[Opening Data excerpts section]

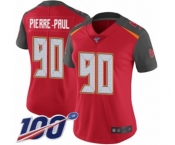 Women's Tampa Bay Buccaneers #90 Jason Pierre-Paul Red Team Color Vapor Untouchable Limited Player 100th Season Football Jersey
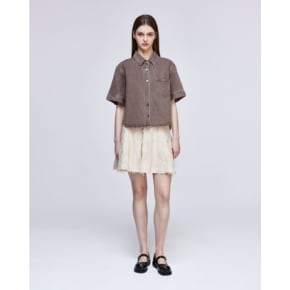 [파주점] [송지오우먼]송지오 컬렉션 오키드 엠브로이드 하프 데님 셔츠 브라운 WH3SH731BR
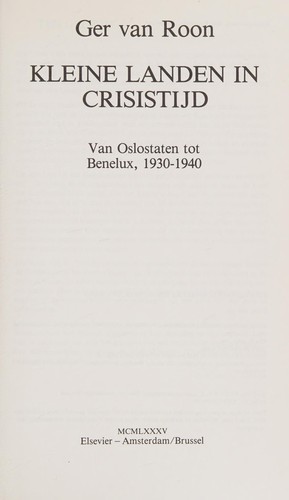 Cover for Kleine landen in crisistijd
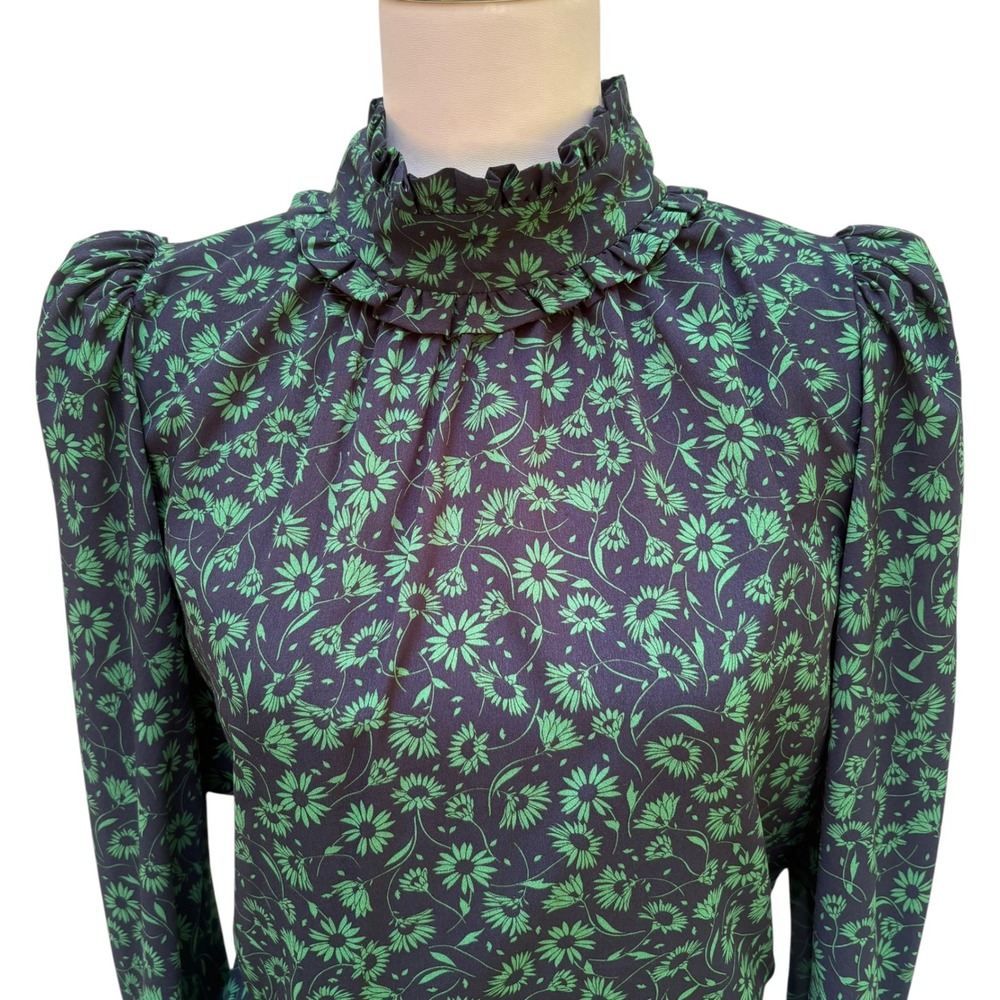 Zara Floral High Neck Blouse XL Green Black Puff Sleeve Ruffle NWT Victorian - Picture 2 of 10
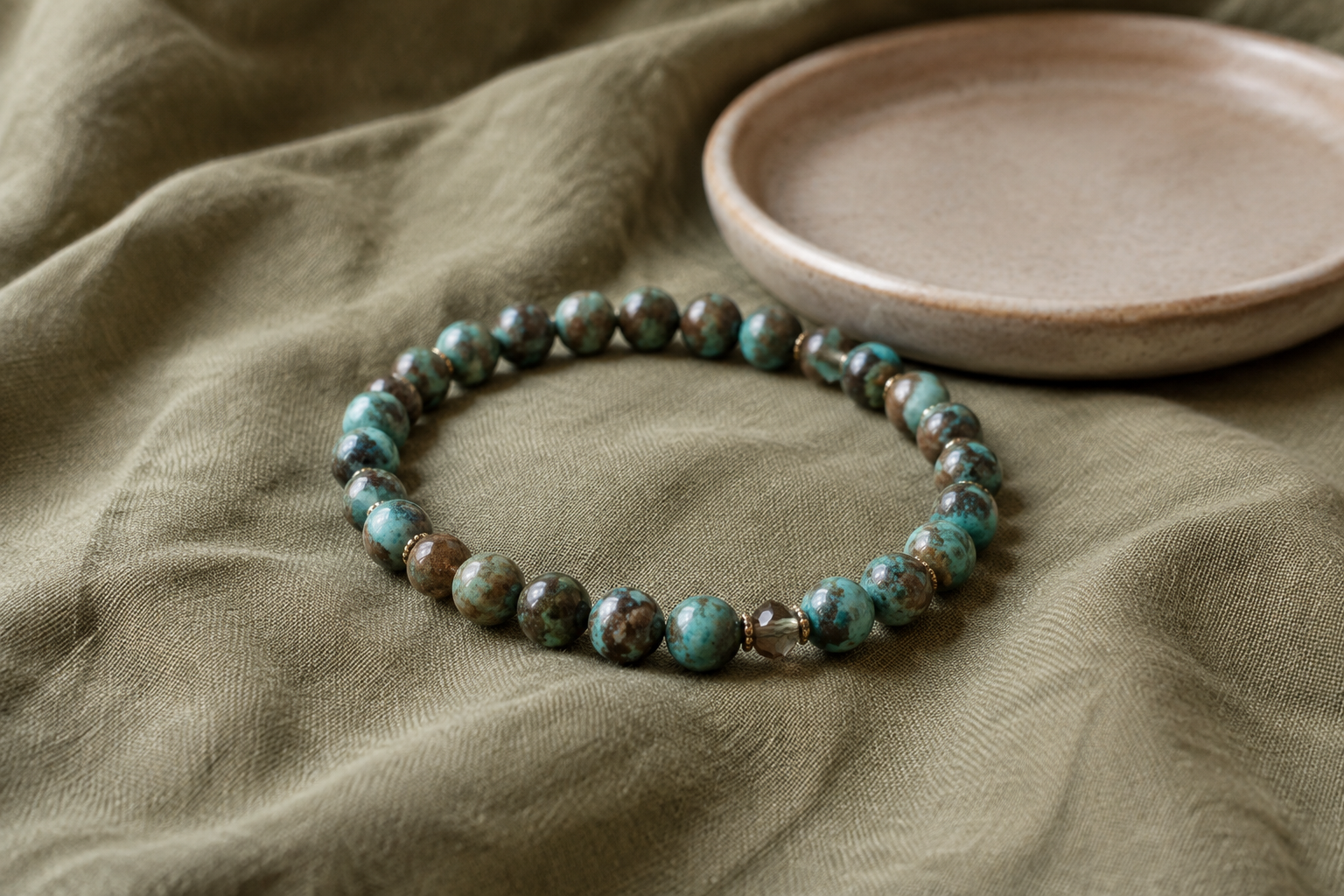 African turquoise green blue and brown bead bracelet on olive linen with a ceramic tray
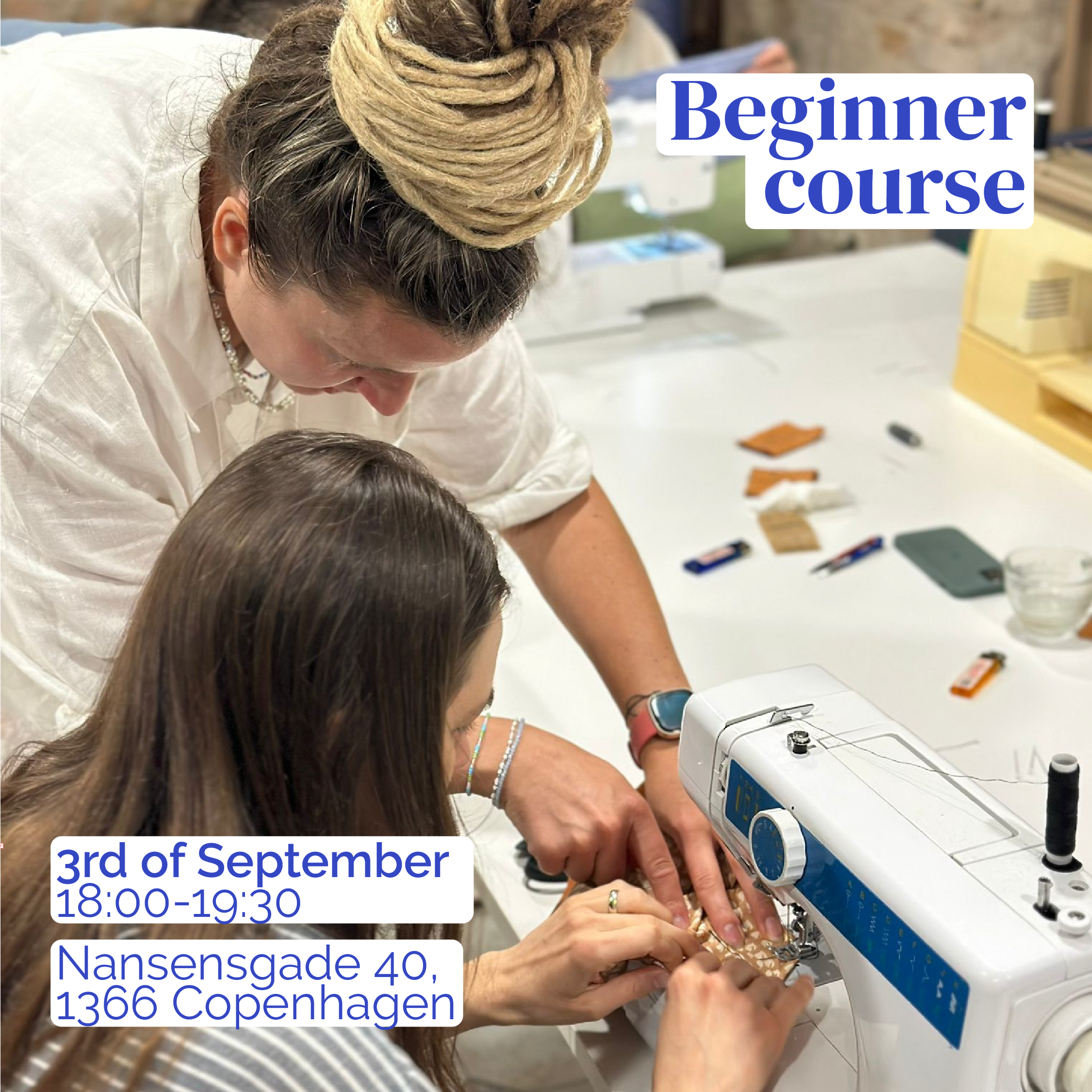 Two people working on a sewing machine with text about a beginner course.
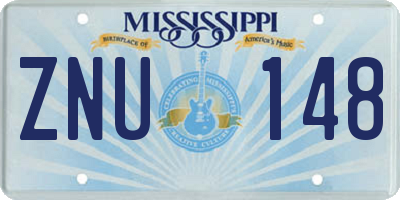 MS license plate ZNU148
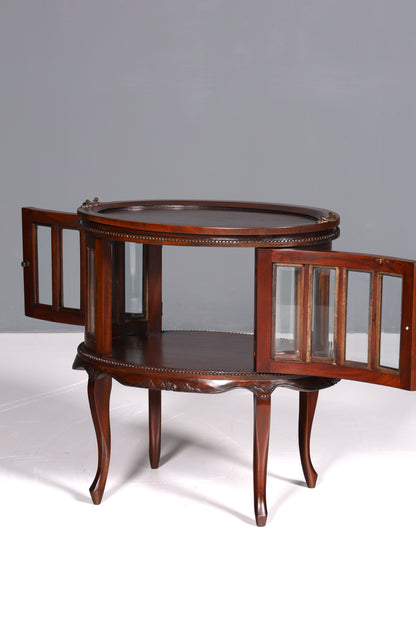 Wunderschöner filigraner Chippendale Barschrank echt Holz Teeschrank im Jugendstil Vitrine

[Closing Data excerpts section]

■ What is needed: Make an exact copy of the lines above, starting at the line that contains "Two people working" and running through the final line of the entries. Omit the pictures.

■ Answer:
 Two people working on a sewing machine with text about a beginner course.
 MS license plate ZNU148
 Wunderschöner filigraner Chippendale Barschrank echt Holz Teeschrank im Jugendstil Vitrine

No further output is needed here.